Thanks to the pullback in top Canadian stocks, investors with long-term financial goals can accumulate stocks at prices well below their highs to create lasting generational wealth. But before investing for the long run, one should focus on stocks of companies with solid fundamentals, well-established businesses, a growing earnings base, and multiple growth catalysts.
With this theme in the backdrop, I’ll focus on three Canadian stocks that have generated multi-fold returns in the past, are trading at a discount, but have resilient businesses backed by profitable growth. Let’s begin.
A fast-growing financial services company
Speaking of stocks to create wealth, goeasy (TSX:GSY) tops my mind. Its stock has grown at a CAGR (compound annual growth rate) of more than 25% in the past decade. This growth comes despite the recent pullback in its share price on fear of a macro slowdown.
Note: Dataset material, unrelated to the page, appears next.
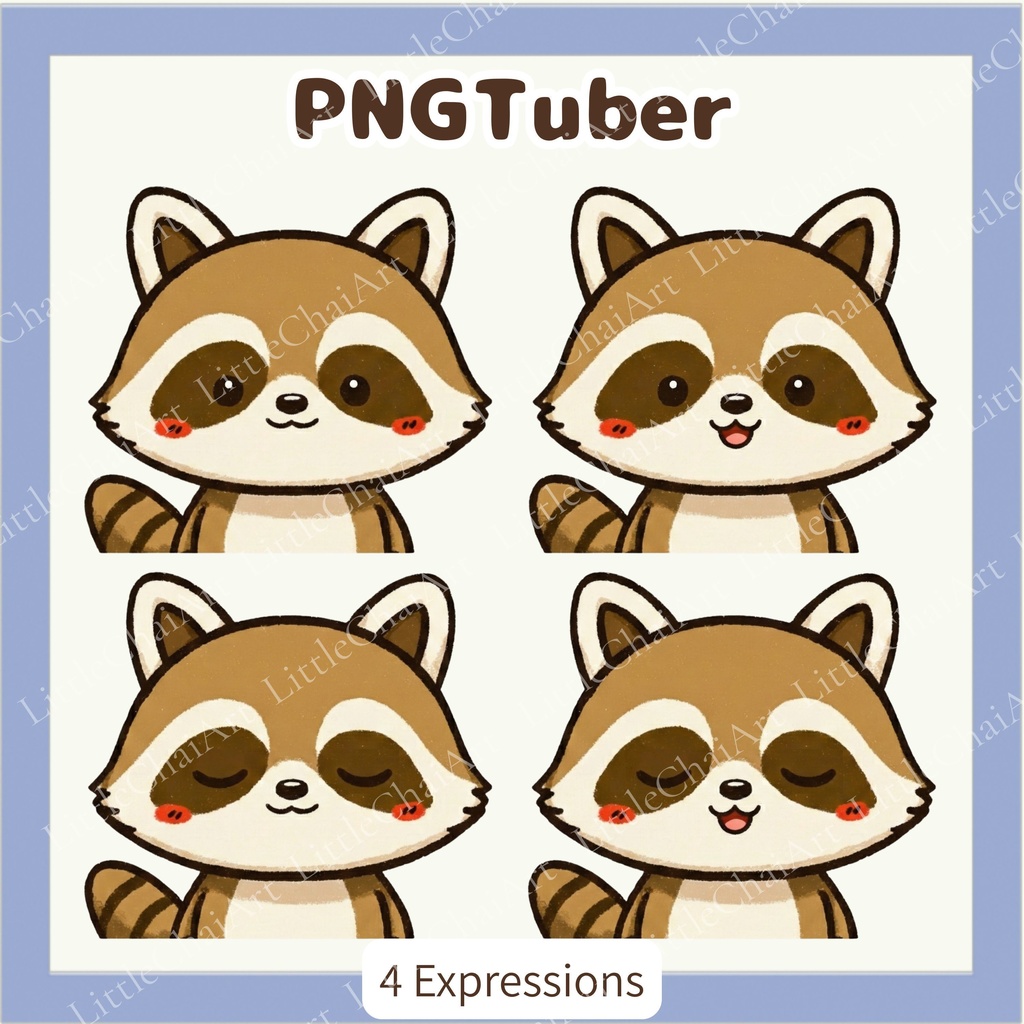 Veadotube対応 ゆるかわアライグマ PNGTuber素材 - 4表情セット / Raccoon PNGTuber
goeasy’s market-beating returns are backed by its stellar revenue and earnings growth. Notably, goeasy’s revenue increased at a CAGR of 20% in the past five years. At the same time, its earnings per share grew at a CAGR of 27%. Thanks to its impressive bottom-line growth, goeasy has rewarded its shareholders with higher dividend payments. The financial services company has increased its dividend in the last nine consecutive quarters and offers a yield of approximately 4%.
This subprime lender is confident of growing its top line at a double-digit rate. High-quality loan originations will likely drive its revenues and improve future credit quality. Meanwhile, its wide product base and omnichannel offerings augur well for top-line growth. Leverage from higher sales, solid credit quality, and improving efficiency will lead to double-digit earnings growth and support higher dividend payouts.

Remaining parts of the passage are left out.